As conflicts around the world from Gaza to Ukraine continue to intensify, former Secretary of State Madeleine Albright said Sunday, "the world is a mess."
"Can you recall a time when there was so much trouble in so many different places around the world?" asked CBS's "Face the Nation" host Bob Schieffer.
"We all grew up in a very different era where we were focused on the threat from the Soviet Union and that was the major activity and it clearly was dangerous, but what has happened now is that we are seeing problems in a variety of places," Albright said, pointing to globalization and technology as crucial factors.
"There is so much connectivity, but also not an understanding of all the various pieces of the news that come into us," she said.

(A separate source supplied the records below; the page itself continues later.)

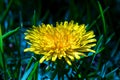 Fully developed dandelion flower in the sun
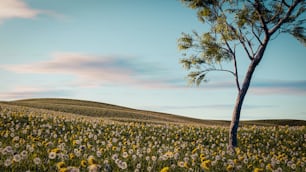 un champ de fleurs avec un arbre au milieu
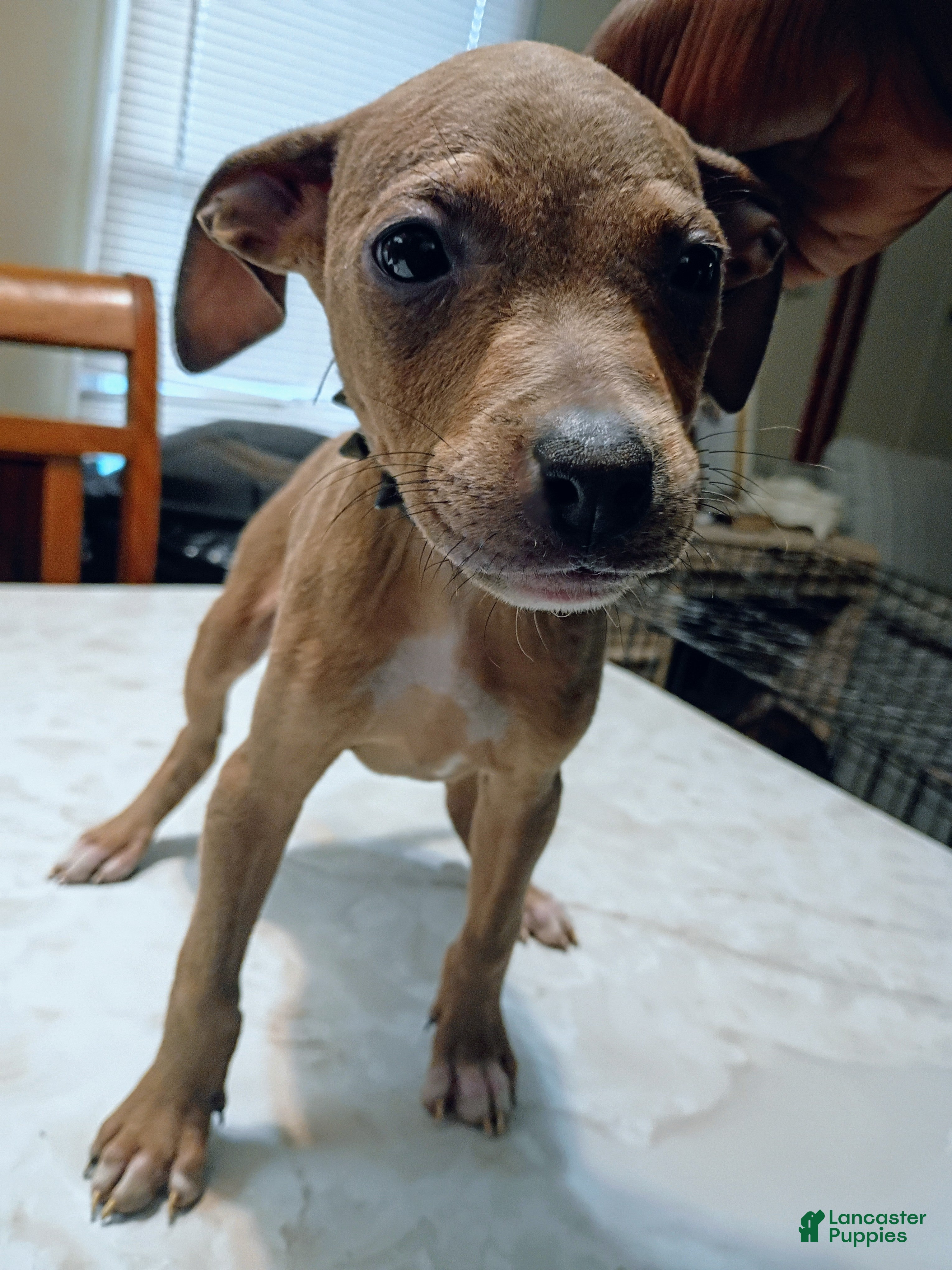 American Pit Bull Terrier dogs American Pit Bull Terrier 3 - Ad 33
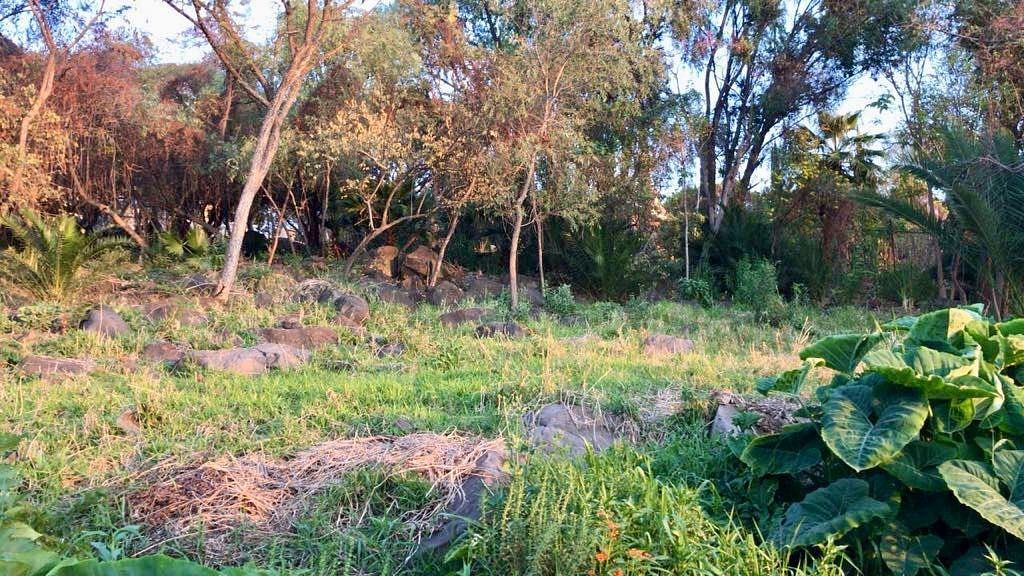 Terreno en venta, CLUB NAUTICO PUENTE VIEJO, foto 1 de 8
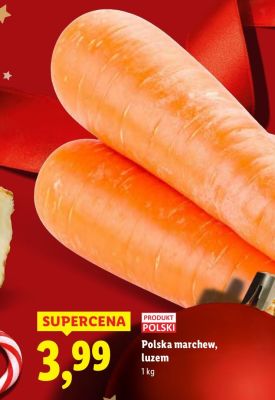 Polska marchew, luzem 1 kg promocja w Lidl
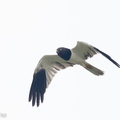 Pied_Harrier-221102-158MSDCF-FYP02349-W.jpg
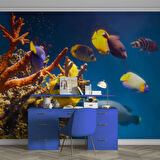 Denizaltı Sarı Japon Balığı Manzaralı Duvar Kağıdı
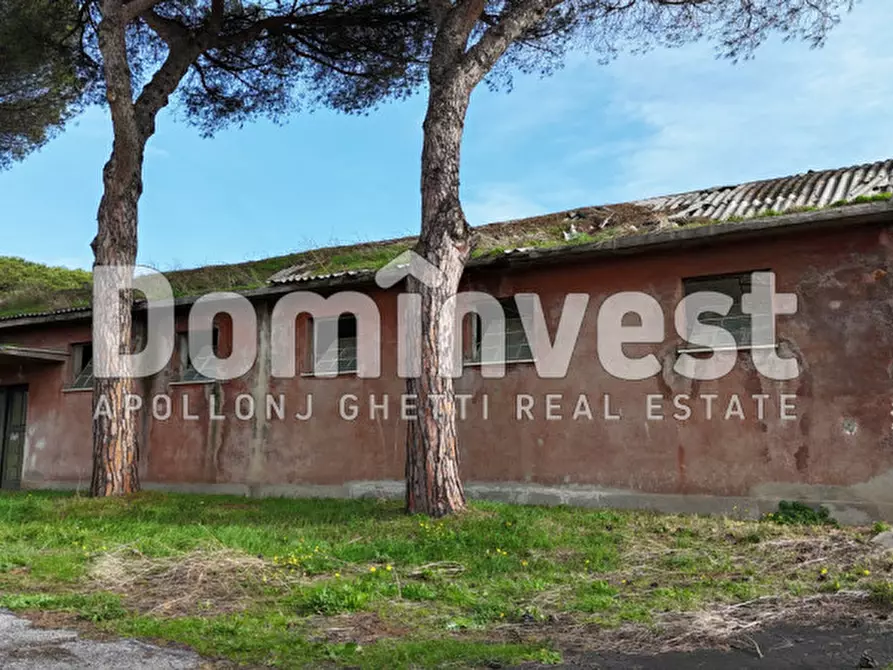 Immagine 49 di Villa in vendita  in viale della Repubblica a Marino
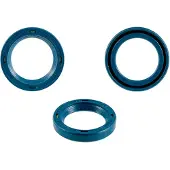 Rms Classic Piaggio Vespa Px 125-150-200cc 100663010 Krumtapakslens Oliestempler 10 Enheder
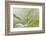 Trientalis Europ?a-Heidi Westum-Framed Photographic Print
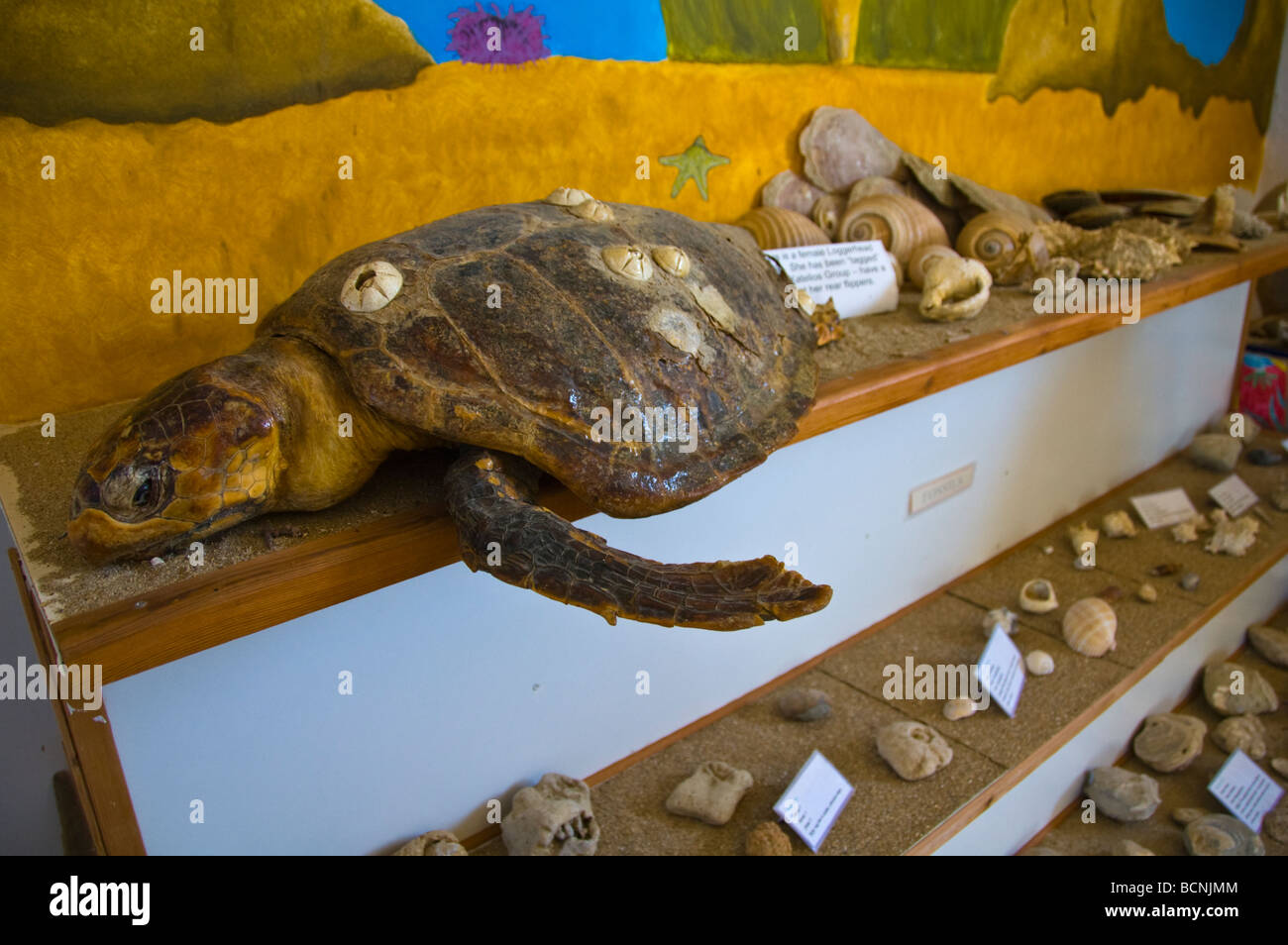 Centro Ambiental especializada en la conservación de la tortuga boba en Katelios en la isla griega de Cefalonia, Grecia GR Foto de stock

"What has changed: We don't want to be the world's policemen. The American people don't."'
Albright named Putin's leadership first in Crimea and now toward Ukraine and the escalating tensions in the Middle East as two huge "game-changers."
"I think Putin is living in his own world," Alrbight said, saying that he's used propaganda through his own country and central and eastern Europe.
President Obama has drawn mixed reviews for how his administration has handled the ongoing conflicts thus far. The president recently issued stronger sanctions on Russia and has been present in the Middle East -- along with Sec. of State John Kerry -- to help negotiate peace and a ceasefire. In a call with Israel Prime Minister Benjamin Netanyahu on Sunday, Obama "made clear the strategic imperative of instituting an immediate, unconditional humanitarian ceasefire that ends hostilities now and leads to a permanent cessation of hostilities based on the November 2012 ceasefire agreement."
House Minority Leader Nancy Pelosi during an interview on CNN's "State of the Union," said that "the president's leadership has been very strong." South Carolina Republican Sen. Lindsey Graham, also on the program separately, stood by his opposing view that "America is the glue that holds the free world together. And when you see us missing, or AWOL, as President Obama has been, you see fracturing on multiple fronts."
Asked to weigh in on the disapproval the president's faced for attending multiple fundraisers recently, Albright told Schieffer "I don't think the criticism is fair," adding that the president "does not travel alone; he has advisers around."
"What has changed: We don't want to be the world's policemen. The American people don't," Albright said.
Despite Americans' opposition to taking direct action overseas to combat violence -- according to a recent POLITICO poll, just 17% of voters said the U.S. should be more involved in the Russia-Ukraine battle -- Albright said firmly that "the U.S. has to be at the table."